Gracias a las mujeres, que ven vacío el sepulcro del Señor, y a los numerosos testigos que contemplan al Señor resucitado, nosotros sabemos que la resurrección de Jesús no es un hecho legendario o simbólico, sino real. No es la mera pervivencia del recuerdo y del mensaje del Maestro en la mente y en el corazón de sus discípulos. Por la misma razón, el cristianismo no es sólo una doctrina, una fórmula de felicidad o un código de normas de conducta, sino un camino y una verdad que es vida, porque su centro es una persona viva, que ha resucitado y está sentado a la derecha del Padre, siempre vivo para interceder por nosotros, que vive y nos da la vida.

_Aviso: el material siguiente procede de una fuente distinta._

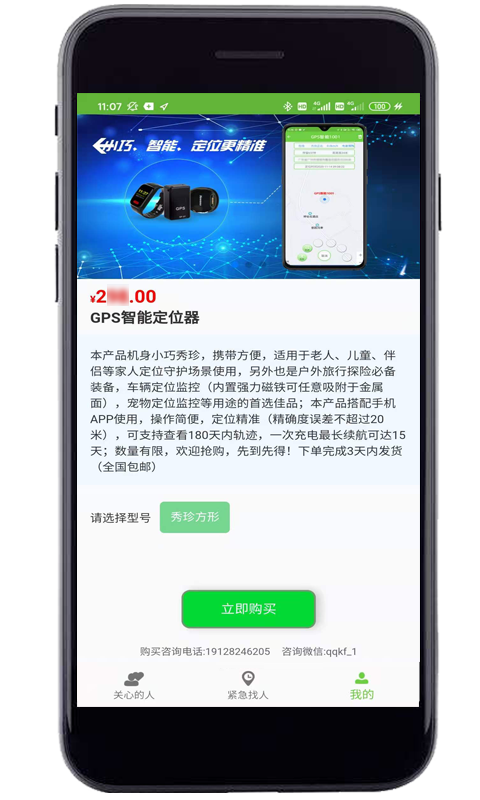 精彩截图-亲亲手机定位2025官方新版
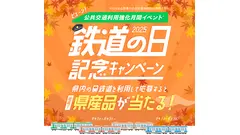山形県の鉄道利用で3,000円相当の県産品をGET！やまがた鉄道応援団10月限定キャンペーン 画像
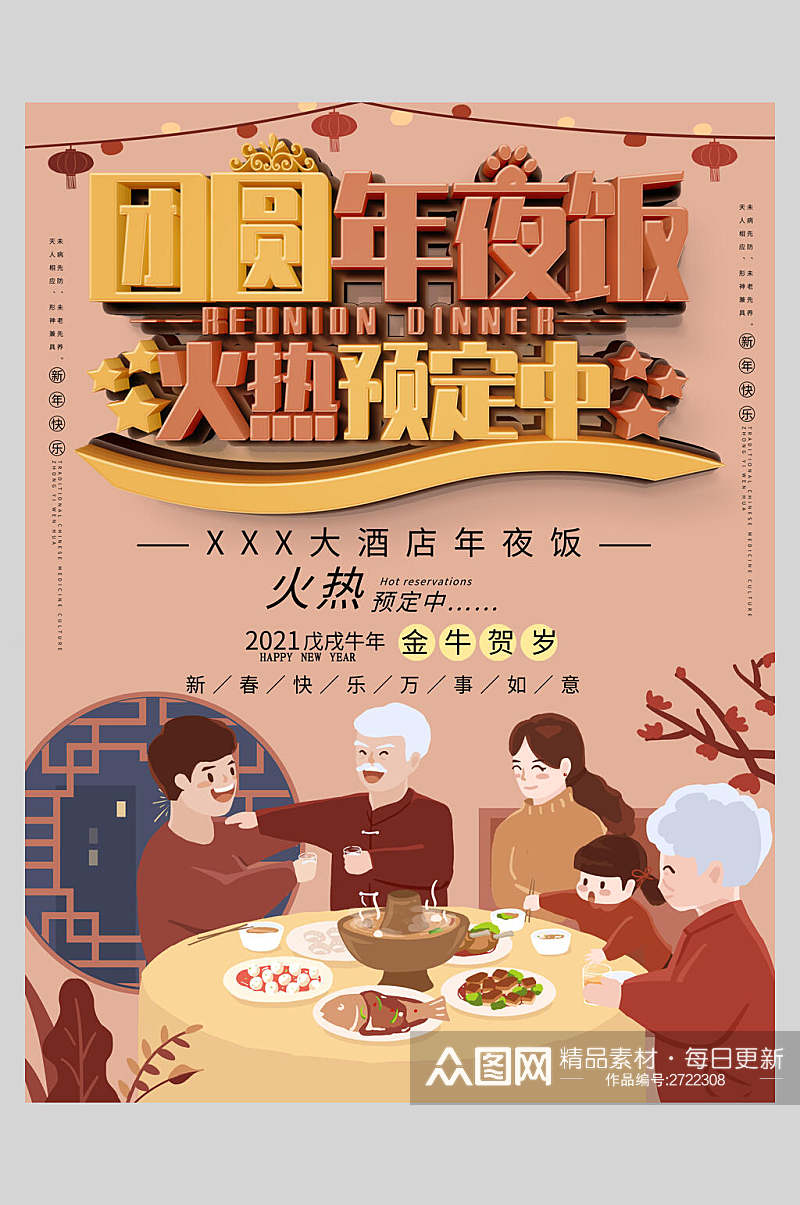 中式团圆新年年夜饭传统习俗海报素材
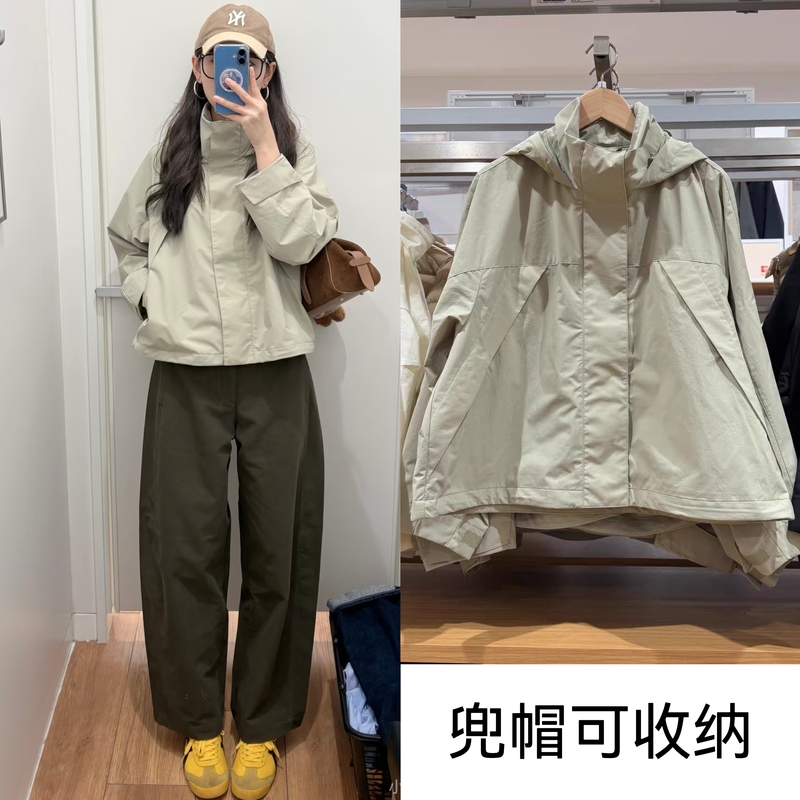 Women's Windproof Stand-Up Collar Jacket Loose Casual Hooded Jacket 2026 Spring New Style E484709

En las Iglesias de Oriente son numerosos los iconos, que en tres secuencias bellísimas, ricas en contenido teológico, describen lo que la resurrección del Señor significa para la humanidad. La primera representa el enterramiento de Cristo; la segunda, su salida triunfante del sepulcro; y en la tercera aparece Cristo resucitado inclinado sobre un anciano postrado en actitud de levantarlo. No es difícil interpretar este motivo, poco frecuente en la pintura occidental, pero muchas veces repetido en Oriente: el anciano es Adán, el hombre viejo del pecado al que con tanta profusión alude San Pablo en sus cartas. En realidad es la humanidad entera debilitada por el pecado del paraíso, sobre la que Cristo resucitado se inclina para devolverle la vida.
La escena es una hermosa recreación plástica de lo que representa para la humanidad la resurrección del Señor. Recuerda la descripción de la creación del hombre en el Génesis: Dios crea a Adán inclinándose sobre su figura de barro para insuflarle el espíritu. Fue el primer comienzo, la primera de las obras de Dios. Cristo resucitado, por su parte, se inclina sobre el viejo Adán para recrearlo, comunicándole su gracia salvadora, que brinda también a toda su descendencia. Es el nuevo comienzo, tan importante como el primero.
Queridos hermanos y hermanas: Sumergíos en la Pascua. Uníos al Aleluya exultante de la Iglesia. Reavivad vuestra esperanza. La resurrección del Señor es el fundamento, el manantial y la certeza de nuestra futura resurrección. Por ello, debe ser fuente de alegría desbordante, pues gracias a ella el Resucitado nos abre las puertas del cielo, donde, como nos dice San Agustín, “veremos y gozaremos, gozaremos y amaremos. Este será el fin sin fin”.
Esta certeza debe vivificar nuestra lucha de cada día, nuestro trabajo, la vida familiar y nuestro empeño por construir una sociedad más justa y fraterna. Esta certeza se convierte en seguridad y fuente de sentido ante la enfermedad, el dolor y el sufrimiento. Esta certeza, por fin, es acicate en la vida moral y en el esfuerzo por ser mejores, con el estilo de quien ha resucitado con Cristo y aspira a vivir una vida nueva (Col 6,1-2).
Feliz domingo de Resurrección, hermanos. Felices Pascuas para todos los cristianos de la Archidiócesis.